• Provided data:
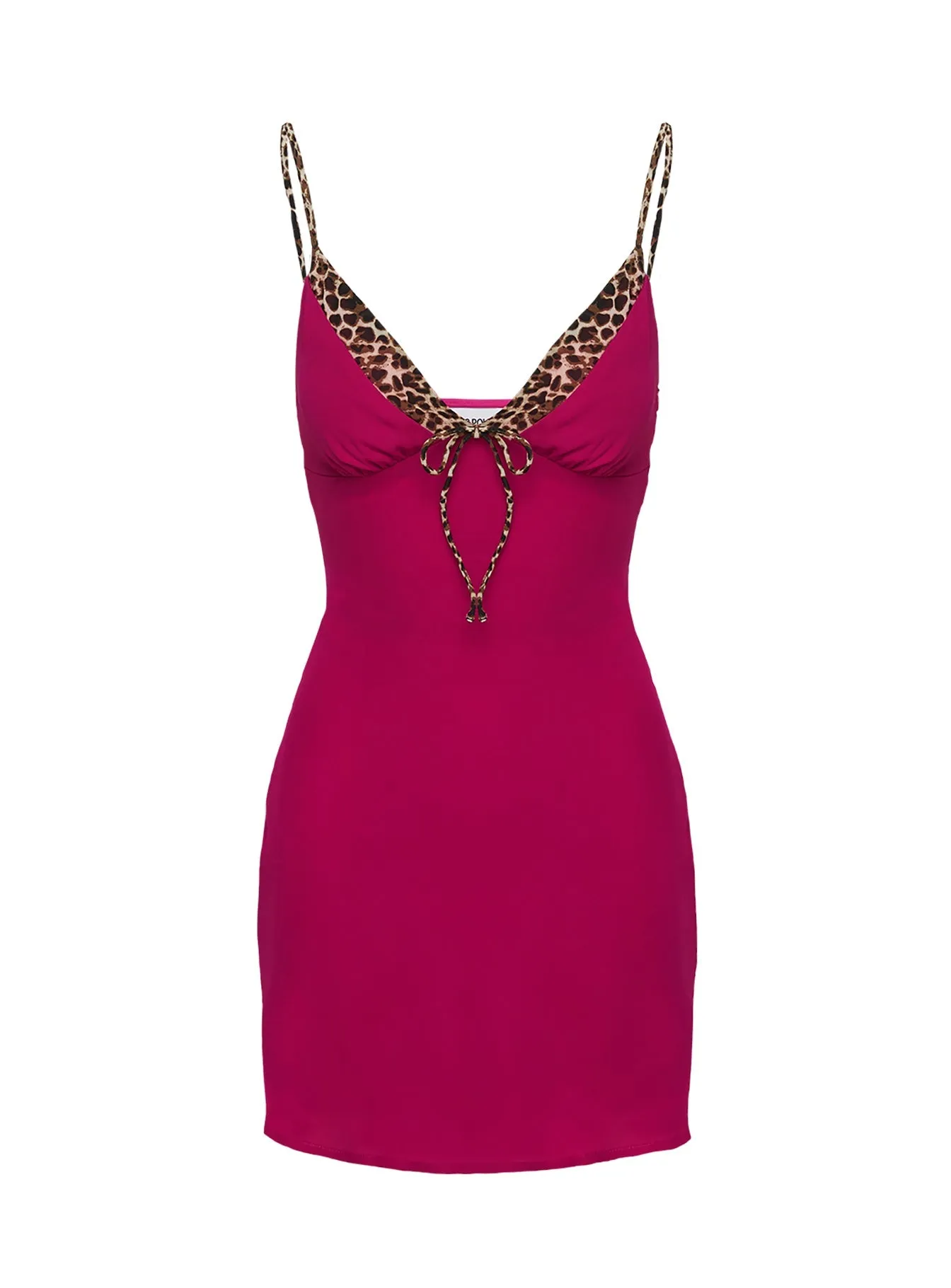 Bare Leg Moorey Mini Dress Hot Pink / Leopard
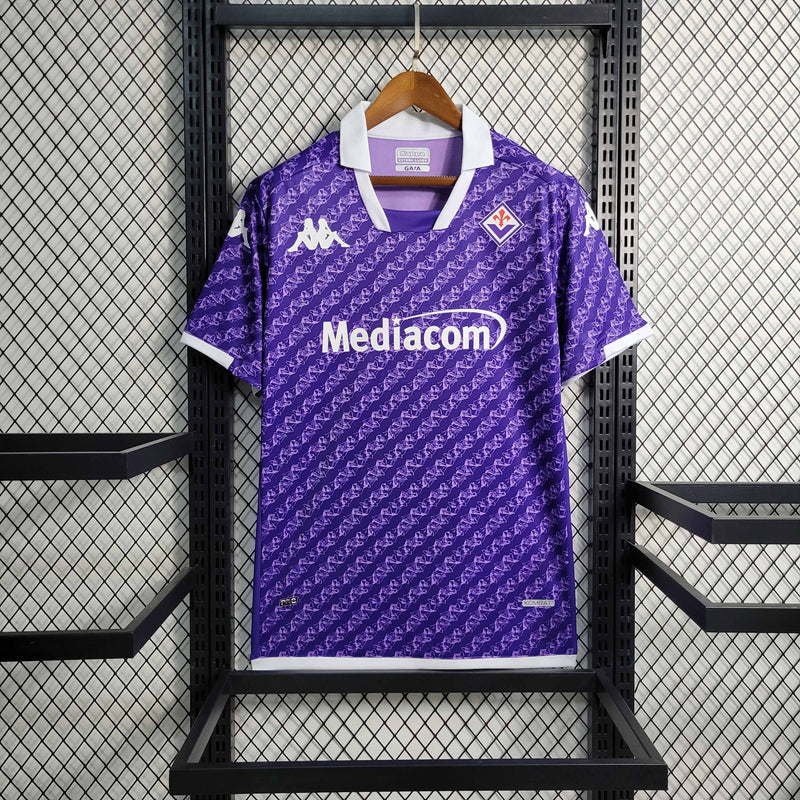 Camisa Fiorentina Home 2023/24 - Kappa Torcedor Masculina - Roxa/Branca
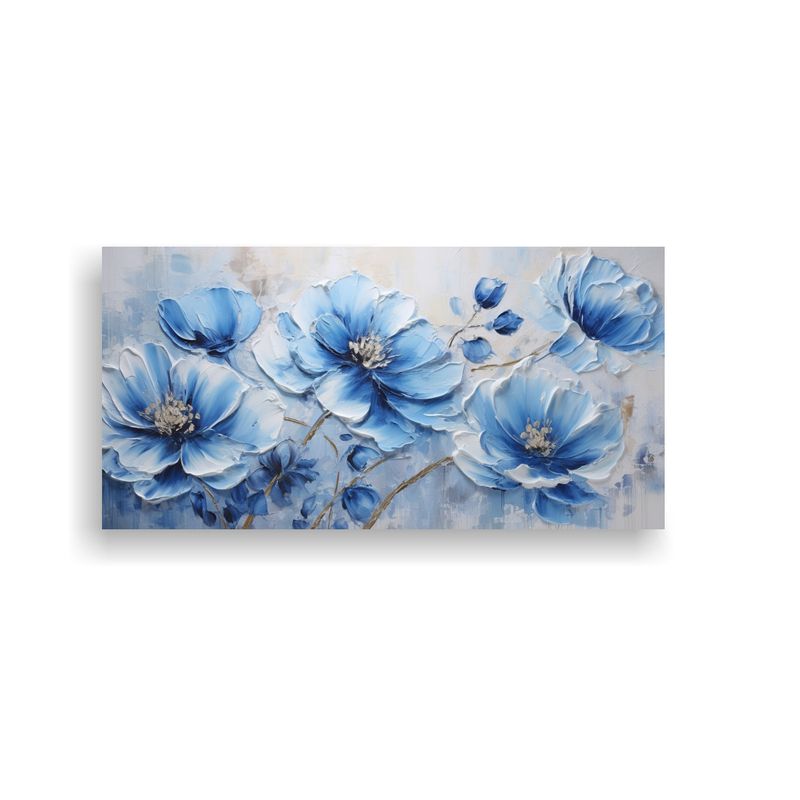 GENERICO - Cuadro Vintage Adorno De Una Flor Azul En Lienzo Al Estilo D 160x80cm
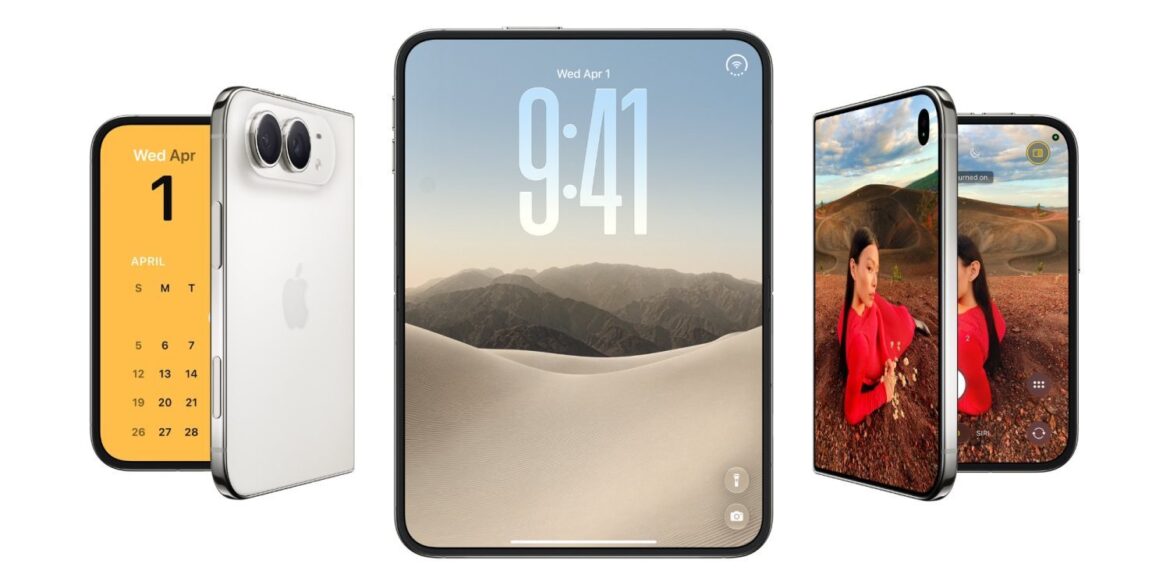 Різні варіанти складаного смартфона iPhone Duo з відкритим екраном посередині та закритими пристроями по боках, що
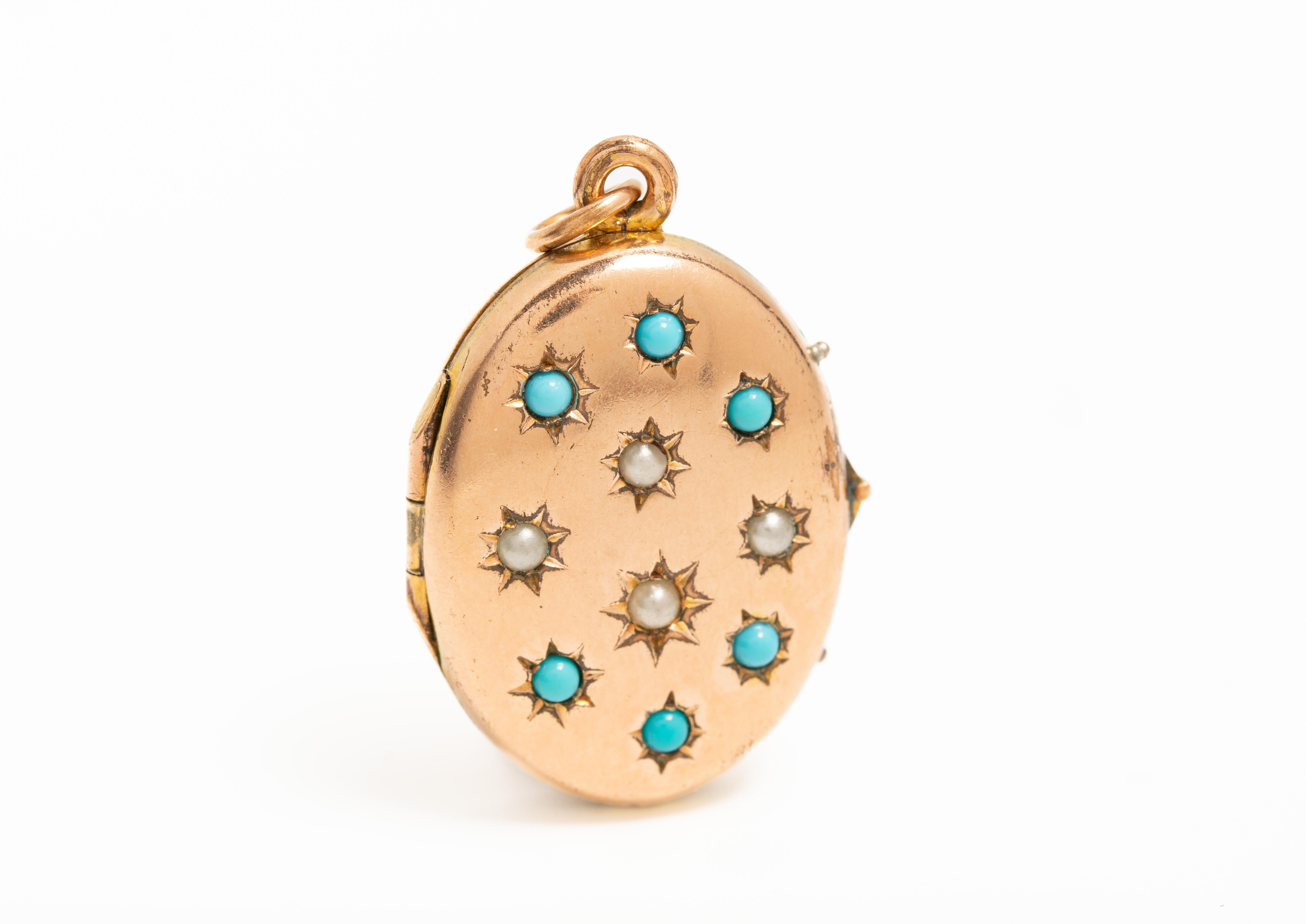 This stunning Victorian 9ct gold front and back locket is exquisitely adorned with a natural turquoise gemstones and delicate seed pearls in a form of the star. The locket opens to reveal two compartments for the photographs.

WEIGHT: 3.8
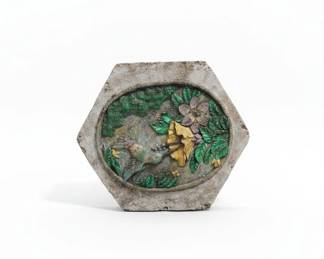 Cast Concrete Garden Plaque with Hummingbird and Flower Motif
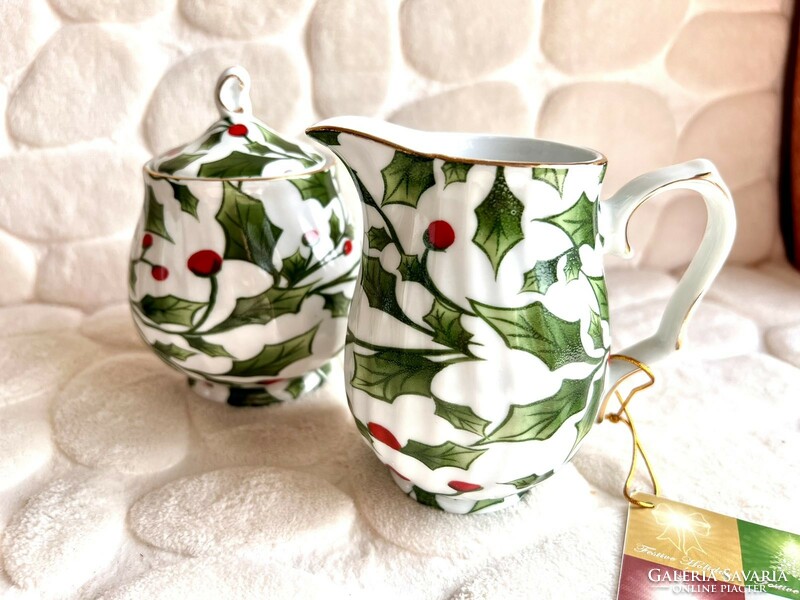 Christmas pattern festive holiday English porcelain sugar bowl and cream pouring set new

• Problem details: Give again, exactly as written above, each line from the one that has "Різні варіанти складаного" to the one that has "WEIGHT: 3.8", both included; omit the pictures.

• Exercise solution:
 Різні варіанти складаного смартфона iPhone Duo з відкритим екраном посередині та закритими пристроями по боках, що
 This stunning Victorian 9ct gold front and back locket is exquisitely adorned with a natural turquoise gemstones and delicate seed pearls in a form of the star. The locket opens to reveal two compartments for the photographs.

WEIGHT: 3.8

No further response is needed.